Assignment = Set out exactly, line by line, the stretch of data below that begins at the line containing "Watercolor Landscape Creator Clipart" and ends at the line containing "Salvatore Ferragamo Salvatore", with both ends kept.
╭──
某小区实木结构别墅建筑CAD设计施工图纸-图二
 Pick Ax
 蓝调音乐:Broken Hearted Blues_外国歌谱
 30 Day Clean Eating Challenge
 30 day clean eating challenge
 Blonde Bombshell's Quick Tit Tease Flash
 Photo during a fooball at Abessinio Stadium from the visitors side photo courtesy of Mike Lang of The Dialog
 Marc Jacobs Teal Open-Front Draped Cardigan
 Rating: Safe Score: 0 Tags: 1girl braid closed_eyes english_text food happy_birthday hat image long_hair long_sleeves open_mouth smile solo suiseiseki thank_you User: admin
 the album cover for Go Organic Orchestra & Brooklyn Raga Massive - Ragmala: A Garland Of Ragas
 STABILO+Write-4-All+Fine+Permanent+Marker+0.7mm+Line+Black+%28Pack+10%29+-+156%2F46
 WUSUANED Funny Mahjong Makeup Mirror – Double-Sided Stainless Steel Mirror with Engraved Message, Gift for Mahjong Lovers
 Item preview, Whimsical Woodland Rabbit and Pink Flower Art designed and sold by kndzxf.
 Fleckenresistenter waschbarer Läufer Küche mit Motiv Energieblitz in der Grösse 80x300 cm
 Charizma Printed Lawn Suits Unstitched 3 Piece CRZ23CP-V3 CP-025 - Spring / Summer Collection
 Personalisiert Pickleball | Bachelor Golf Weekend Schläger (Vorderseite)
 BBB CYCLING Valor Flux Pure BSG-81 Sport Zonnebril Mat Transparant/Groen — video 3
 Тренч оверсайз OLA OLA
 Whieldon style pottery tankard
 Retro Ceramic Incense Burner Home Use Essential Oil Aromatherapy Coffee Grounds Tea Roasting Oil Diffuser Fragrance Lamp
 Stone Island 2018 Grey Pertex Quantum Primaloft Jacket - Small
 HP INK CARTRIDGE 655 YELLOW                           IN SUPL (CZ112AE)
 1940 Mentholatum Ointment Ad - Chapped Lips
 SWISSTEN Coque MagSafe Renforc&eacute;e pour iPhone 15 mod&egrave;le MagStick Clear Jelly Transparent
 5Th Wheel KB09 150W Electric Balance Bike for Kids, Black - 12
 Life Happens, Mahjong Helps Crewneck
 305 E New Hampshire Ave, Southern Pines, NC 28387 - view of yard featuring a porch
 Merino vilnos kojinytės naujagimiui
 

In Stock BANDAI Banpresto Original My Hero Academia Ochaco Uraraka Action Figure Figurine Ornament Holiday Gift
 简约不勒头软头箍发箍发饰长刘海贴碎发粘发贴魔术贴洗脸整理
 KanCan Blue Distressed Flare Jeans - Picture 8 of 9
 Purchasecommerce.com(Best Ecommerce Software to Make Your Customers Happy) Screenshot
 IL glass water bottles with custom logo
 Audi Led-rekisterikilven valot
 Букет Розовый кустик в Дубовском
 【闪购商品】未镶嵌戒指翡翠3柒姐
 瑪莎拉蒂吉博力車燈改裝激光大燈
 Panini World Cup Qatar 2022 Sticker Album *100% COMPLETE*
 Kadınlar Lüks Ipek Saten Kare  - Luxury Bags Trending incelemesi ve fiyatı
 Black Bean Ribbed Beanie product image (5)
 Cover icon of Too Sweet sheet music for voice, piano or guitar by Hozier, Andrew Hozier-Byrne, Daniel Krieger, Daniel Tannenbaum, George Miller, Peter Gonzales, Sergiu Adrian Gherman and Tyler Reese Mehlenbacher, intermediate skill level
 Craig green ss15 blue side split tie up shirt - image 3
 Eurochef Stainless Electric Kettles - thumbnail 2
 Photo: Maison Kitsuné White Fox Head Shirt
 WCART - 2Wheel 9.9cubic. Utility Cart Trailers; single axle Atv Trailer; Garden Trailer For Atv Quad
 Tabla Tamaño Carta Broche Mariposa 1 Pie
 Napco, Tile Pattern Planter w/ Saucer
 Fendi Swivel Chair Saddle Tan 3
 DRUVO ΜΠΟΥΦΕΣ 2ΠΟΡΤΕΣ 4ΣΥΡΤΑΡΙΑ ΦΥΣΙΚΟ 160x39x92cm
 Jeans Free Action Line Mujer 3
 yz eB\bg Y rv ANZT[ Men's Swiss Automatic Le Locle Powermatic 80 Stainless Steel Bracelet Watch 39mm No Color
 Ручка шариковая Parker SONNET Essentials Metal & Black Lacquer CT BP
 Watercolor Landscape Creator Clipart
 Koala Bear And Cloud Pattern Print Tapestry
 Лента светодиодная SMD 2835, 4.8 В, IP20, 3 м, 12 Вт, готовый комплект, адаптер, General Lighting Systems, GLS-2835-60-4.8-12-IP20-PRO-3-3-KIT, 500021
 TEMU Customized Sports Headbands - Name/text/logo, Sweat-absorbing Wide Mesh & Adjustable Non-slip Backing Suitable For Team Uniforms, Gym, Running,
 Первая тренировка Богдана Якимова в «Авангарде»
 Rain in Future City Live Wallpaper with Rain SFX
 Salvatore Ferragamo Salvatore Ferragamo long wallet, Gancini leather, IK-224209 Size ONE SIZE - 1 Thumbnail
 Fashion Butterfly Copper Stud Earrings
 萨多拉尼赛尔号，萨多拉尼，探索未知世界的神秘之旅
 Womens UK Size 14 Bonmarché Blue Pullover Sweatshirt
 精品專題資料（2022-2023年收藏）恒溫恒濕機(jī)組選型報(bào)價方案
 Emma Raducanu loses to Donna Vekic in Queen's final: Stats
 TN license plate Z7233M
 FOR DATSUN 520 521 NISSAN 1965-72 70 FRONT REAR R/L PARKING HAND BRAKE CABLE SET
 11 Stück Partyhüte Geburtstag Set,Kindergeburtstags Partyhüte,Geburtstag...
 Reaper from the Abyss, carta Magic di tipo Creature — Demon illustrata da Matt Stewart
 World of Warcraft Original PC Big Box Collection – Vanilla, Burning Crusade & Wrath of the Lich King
╰──
Task solution =
 Watercolor Landscape Creator Clipart
 Koala Bear And Cloud Pattern Print Tapestry
 Лента светодиодная SMD 2835, 4.8 В, IP20, 3 м, 12 Вт, готовый комплект, адаптер, General Lighting Systems, GLS-2835-60-4.8-12-IP20-PRO-3-3-KIT, 500021
 TEMU Customized Sports Headbands - Name/text/logo, Sweat-absorbing Wide Mesh & Adjustable Non-slip Backing Suitable For Team Uniforms, Gym, Running,
 Первая тренировка Богдана Якимова в «Авангарде»
 Rain in Future City Live Wallpaper with Rain SFX
 Salvatore Ferragamo Salvatore Ferragamo long wallet, Gancini leather, IK-224209 Size ONE SIZE - 1 Thumbnail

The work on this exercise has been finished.